1. A STT-MRAM structure formed on a substrate having a CMOS metal layer including a plurality of CMOS landing pads in a device region and a plurality of CMOS connection pads outside the device region that are separated by and coplanar with a first dielectric layer, comprising:
- (a) a stack of dielectric layers that are formed sequentially from bottom to top on the substrate, comprising;
  
  a first etch stop layer, a second dielectric layer, a metal separation (VAM) dielectric layer, a MTJ ILD layer, a second etch stop layer, and a BIT ILD layer;
  
  (b) a plurality of intermediate via contacts (VAC) each having a first width that are formed within the first etch stop layer and second dielectric layer in the device region wherein each of said VAC is in electrical contact with an underlying CMOS landing pad, and has a top surface coplanar with said second dielectric layer;
  
  (c) a plurality of VAM pads each having a second width greater than said first width, a bottom surface contacting and completely covering a top surface of a VAC, and a top surface that is coplanar with said VAM dielectric layer;
  
  (d) a plurality of MTJ elements each having a bottom surface contacting the top surface of a VAM pad and a top hard mask surface coplanar with said MTJ ILD layer; and
  
  (e) a BIT line metal layer, comprising;
  
  (1) a plurality of BIT connection vias formed coplanar with said MTJ ILD layer and within the first etch stop layer, second dielectric layer, VAM dielectric layer, and MTJ ILD layer wherein at least one BIT connection via contacts each CMOS connection pad;
  
  (2) a plurality of BIT line connection pads formed coplanar with said BIT ILD layer and within said second etch stop layer and BIT ILD layer wherein each of said BIT line connection pads contacts a top surface of at least one BIT connection via to provide an electrical connection to an underlying CMOS connection pad; and
  
  (3) a plurality of BIT lines formed coplanar with said BIT ILD layer in the device region wherein each of said BIT lines is aligned above a MTJ and is in electrical contact with said top hard mask surface to provide an electrical connection between a BIT line and an underlying CMOS landing pad through a stack of layers represented by a MTJ/VAM/VAC configuration.

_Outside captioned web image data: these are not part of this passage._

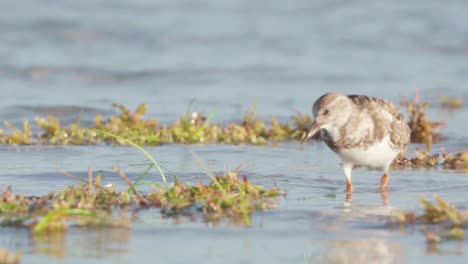 lavandera buscando comida y volteando algas en la orilla de la playa en cámara lenta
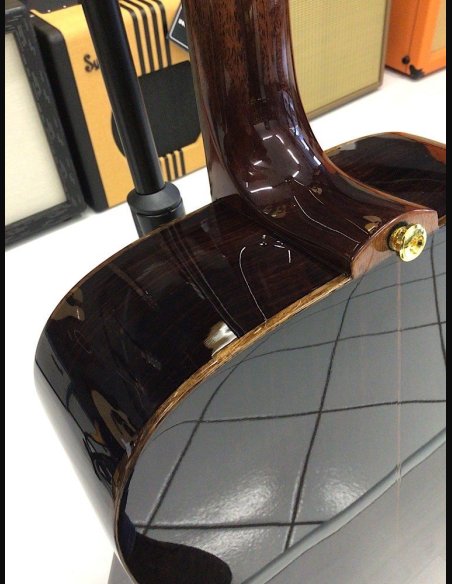 Eko Wow D800E Sr Spruce/Rosewood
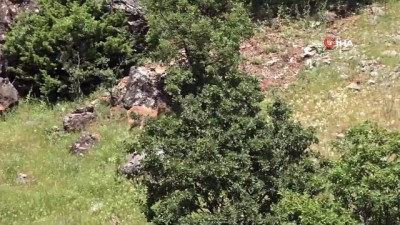 dag kecisi -  Pülümür Vadisi'ndeki yaban keçileri, yavruları ile görüntülendi Videosu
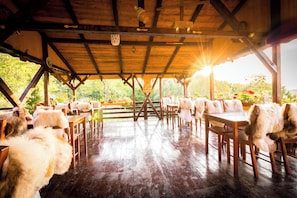 BBQ/picnic area - Pensiunea La Maria lu' Sandoiu (Bumbesti-Pitic)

- View Dependent Claims (2, 3, 4, 5, 6, 7, 8, 9)
- - 2. The STT-MRAM of claim 1 wherein the first etch stop layer is comprised of silicon nitride or SiCN and has a thickness between about 300 and 1500 Angstroms, and the second etch stop layer is comprised of silicon nitride and has a thickness from about 300 to 1000 Angstroms.

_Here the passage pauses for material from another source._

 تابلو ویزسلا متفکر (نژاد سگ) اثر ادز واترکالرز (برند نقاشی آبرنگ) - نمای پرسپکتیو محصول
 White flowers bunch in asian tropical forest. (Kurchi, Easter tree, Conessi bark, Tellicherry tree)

  - 3. The STT-MRAM of claim 1 wherein the BIT ILD layer is comprised of silicon oxide and has a thickness between about 1000 to 5000 Angstroms.
  - 4. The STT-MRAM of claim 1 further comprised of a diffusion barrier layer formed between each VAC and an underlying CMOS landing pad, a diffusion barrier layer between each BIT connection via and CMOS connection pad, and a diffusion barrier layer between each BIT line and underlying MTJ element.
  - 5. The STT-MRAM of claim 1 wherein each of the plurality of VAM pads has a thickness between about 100 and 500 Angstroms and is a single layer or composite layer comprised of one or more of Ta, TaN, and other conductive materials.
  - 6. The STT-MRAM of claim 1 wherein the top hard mask surface of the MTJ is comprised of Ta.
  - 7. The STT-MRAM of claim 1 wherein each of the plurality of VAM pads has a circular, oval, or rectangular shape from a top-down view.
  - 8. The STT-MRAM of claim 1 further comprised of a plurality of dummy VAC elements formed coplanar with the plurality of VACs, a plurality of dummy VAM pads formed coplanar with the plurality of VAM pads, and a plurality of dummy MTJs that are coplanar with the plurality of active MTJs and are not electrically connected to a CMOS landing pad.
  - 9. The STT-MRAM of claim 1 wherein each VAC is comprised of Cu having a thickness from about 500 to 3000 Angstroms.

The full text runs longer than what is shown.